Potentials have a back-and-forth relationship with scattering amplitudes (leading to scattering probabilities and their distributions) in quantum mechanics. Look at the Breit-Wigner scattering formula. You can learn things about a potential based on the scattering distribution of particles, or you go the other way, putting in a potential and getting out a scattering (probability) distribution.
But the potential can be seen to arise from the fundamental interaction (probability) amplitudes in quantum field theory. In particular, an important contribution comes from the “propagator” of a virtual particle exchange between real interacting particles.
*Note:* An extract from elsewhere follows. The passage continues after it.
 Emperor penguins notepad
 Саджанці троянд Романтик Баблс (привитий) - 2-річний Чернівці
The *dominant form* of this contribution to an interaction amplitude involving a massless exchange particle is such that the potential interpreted from the interaction (or scattering) amplitude is of a 1/r form. For an exchange particle with a mass, the dominant form is the Yuakawa potential, dropping off exponentially at a rate depending on the mass of that particle. In quantum electrodynamics the massless photon is the exchange particle. In gravitation, the hypothetical particle would be the massless graviton. For the weak interaction, the W and Z exchange particles have a mass. And for the strong nuclear interaction among protons and neutrons effectively involves a massive particle called the pion. [The strong interaction is fundamentally called quantum chromodynamics and involves quarks interacting via massless exchange particles called gluons. But due to the nature of the strong interaction, there is a “mass gap”, meaning that effectively we see quarks and gluons bound up in a quantum states that we see as massive composite particles, like pions, protons and neutrons. That’s why I talked about that *effective* picture above to describe the fast drop-off of the potential.]
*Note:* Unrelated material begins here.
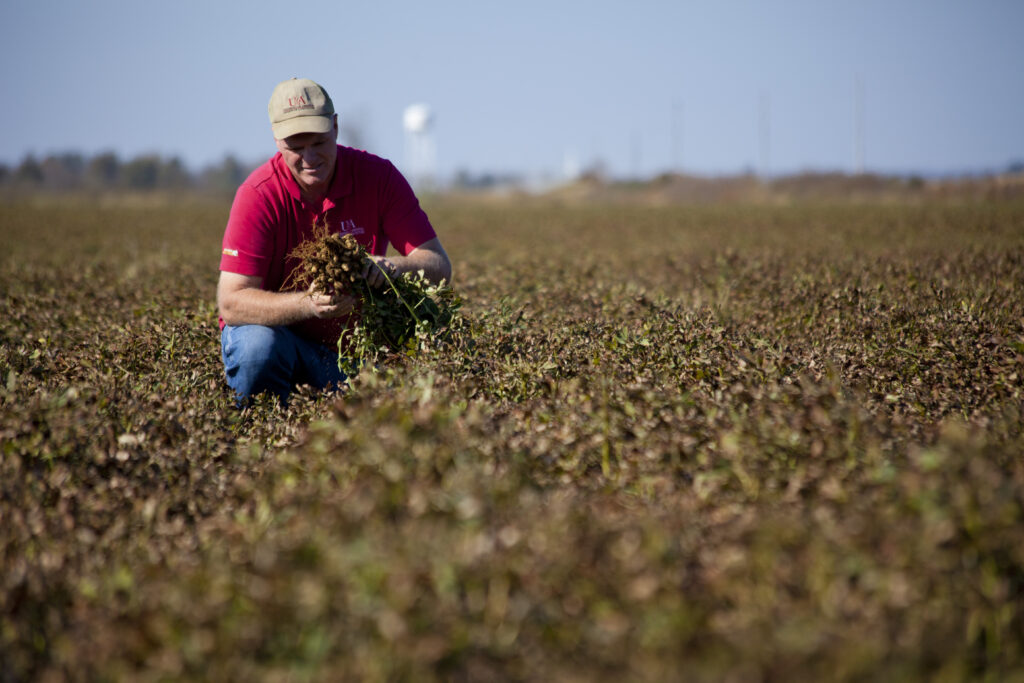 Peanut Farmer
As implied by one of the previous posts, these forms are approximations (hence “dominant form”) and the corrections can be calculated in quantum field theory.
Also, the virtual exchange particles can really only be talked about when there are real particles interacting. In the classical picture, we say that a charge is a source of potential, and that if we were to put another charged particle in that potential field, it would experience a force. By contrast, in quantum field theory, the potential arises as a derived thing based on the way two or more particles interact.